Il geologo Giuseppe Chiappetta ha riferito che la criticità del versante era nota sin dagli anni '50 quando: "Il genio civile di Agrigento aveva varato un piano per il trasferimento del paesino di Porto palo. Nel 2008 ho trovato uno studio geologico, anzi uno studio geomorfologico per essere più precisi nel quale si descrive dettagliatamente quello che poi è avvenuto nel 2021."

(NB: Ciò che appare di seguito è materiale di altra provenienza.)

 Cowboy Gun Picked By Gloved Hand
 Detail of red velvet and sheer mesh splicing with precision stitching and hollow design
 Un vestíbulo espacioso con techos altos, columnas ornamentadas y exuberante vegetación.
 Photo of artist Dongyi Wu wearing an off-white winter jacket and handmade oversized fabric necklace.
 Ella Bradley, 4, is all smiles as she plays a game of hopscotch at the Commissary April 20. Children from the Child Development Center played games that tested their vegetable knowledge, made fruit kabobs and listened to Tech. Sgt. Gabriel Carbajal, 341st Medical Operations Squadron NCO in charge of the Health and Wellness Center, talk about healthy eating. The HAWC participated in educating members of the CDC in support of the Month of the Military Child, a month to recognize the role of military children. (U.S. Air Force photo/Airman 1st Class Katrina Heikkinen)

Gli interventi eseguiti dopo il nubifragio del 2021 si sono limitati a opere di ingegneria naturalistica, considerate però insufficienti per la stabilità definitiva del costone. Gianluigi Pirrera, Vice Presidente Nazionale dell'AIPIN, ha precisato: "È stato fatto solo il consolidamento al piede per questo tratto, ma non tutte le azioni per allontanare le acque; il rischio è che si riattivi a una scala diversa".
Alle telecamere del TG3 il sindaco Vito Clemente ha denunciato la solitudine degli amministratori locali: "C’è la necessità di personale e talvolta sono proprio gli amministratori che devono sostituirsi agli uffici per redigere le relazioni per i fondi". Il quadro delineato da "Fuori TG" conferma Porto Palo come uno dei simboli della difficile gestione del dissesto idrogeologico in Italia.